Multiplayer Woes

Thunderbrd · Oct 15, 2012

I'll have to ask her about the bug options then. If she automates she often has to set the risk tolerance on those automations.

Thunderbrd · Oct 16, 2012

Well... apparently we had differing bug settings in the automation portion.

However, aligning them didn't help much.

I have another 7 OOS reports to deliver later. They're happening about every 1-8 turns so when they do we often just play through another 20 so we can feel like we're getting somewhere.

I'm still working on trying to understand your OOS debugging tutorial. It helps some... enough to get an idea of the process conceptually. But I still have a lot to learn about how it all shows up identifiably in code and what one would change when one finds the problem.

AIAndy · Oct 17, 2012

Thunderbrd said:
Well... apparently we had differing bug settings in the automation portion.

However, aligning them didn't help much.

I have another 7 OOS reports to deliver later. They're happening about every 1-8 turns so when they do we often just play through another 20 so we can feel like we're getting somewhere.

I'm still working on trying to understand your OOS debugging tutorial. It helps some... enough to get an idea of the process conceptually. But I still have a lot to learn about how it all shows up identifiably in code and what one would change when one finds the problem.

As long as the commerce caching issue is not fixed, you will get OOS pretty much whenever the commerce output of a city changes.

Thunderbrd · Oct 17, 2012

So, in otherwords, for now, the OOS reports I have are pretty much meaningless unless they somehow relate to another problem entirely right?

AIAndy · Oct 17, 2012

Thunderbrd said:
So, in otherwords, for now, the OOS reports I have are pretty much meaningless unless they somehow relate to another problem entirely right?
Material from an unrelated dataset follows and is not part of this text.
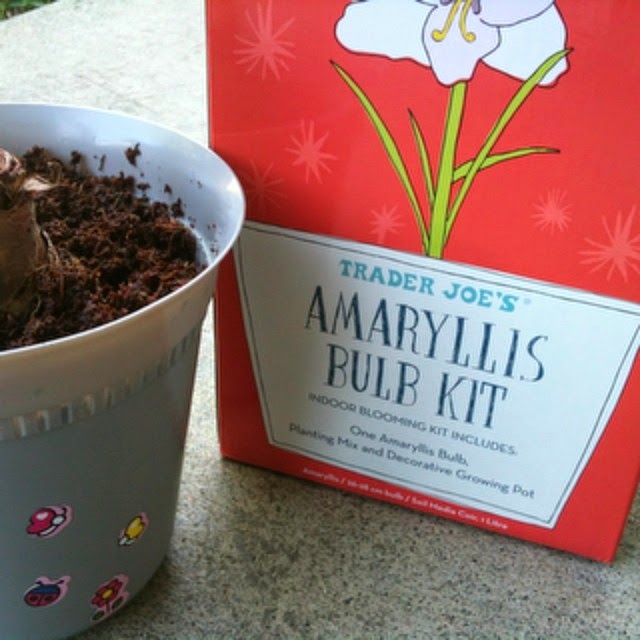 Amaryllis Amaryllis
Yeah, it is just too likely to get the commerce OOS.
But I am currently writing the fix.

Thunderbrd · Oct 17, 2012

You're a GOD! THANK YOU!

AIAndy · Oct 17, 2012

I have now submitted the fix. Hopefully it will work.

Thunderbrd · Oct 17, 2012

I'll test it later tonight then. (and I'll check out the coding change to see what you've done to see if I can understand it any better that way.) Thanks again!

Thunderbrd · Oct 18, 2012

Ok, trying to play tonight was sadly rougher than before (but I don't think its for the same causes. There appears, in the first OOS to be an issue in the AI Defend random... and perhaps that's why the animal spawns vary quite a bit on our logs too.) Additionally, it seems our research selections may have something to do with some of these. But if the an AI random sends us out of synch, I can see that being a MAJOR cause of very frequent issues! lol.

Anyhow, here's the logs we collected tonight. It was pretty much clockwork this evening. Load, we're fine. End the turn, we're out of synch at the beginning of the next turn.

Logs Here

AIAndy · Oct 18, 2012

Now that are interesting OOS issues but I think I know what the problem is:
There is a best unit AI cache for cities that is populated regardless of if the method is called in sync or async context (it is called with a bool to tell if it is async). That means the cache can become async as it is not deterministic (there are some random numbers used).
Newer code also calls that from unit AI to compare some defensive strengths (it uses the best unit AI of the capital). So it can easily desync at that point when that cache is async.
To fix that the calculated value may only be added to the cache in synced context.

AIAndy · Oct 18, 2012

I have changed that accordingly so if the guess that that caused the issue is correct then there should be less or different OOS now.

Thunderbrd · Oct 18, 2012

Awesome! Did any of those reports point to any other possible problem?

AIAndy · Oct 18, 2012

Thunderbrd said:
Awesome! Did any of those reports point to any other possible problem?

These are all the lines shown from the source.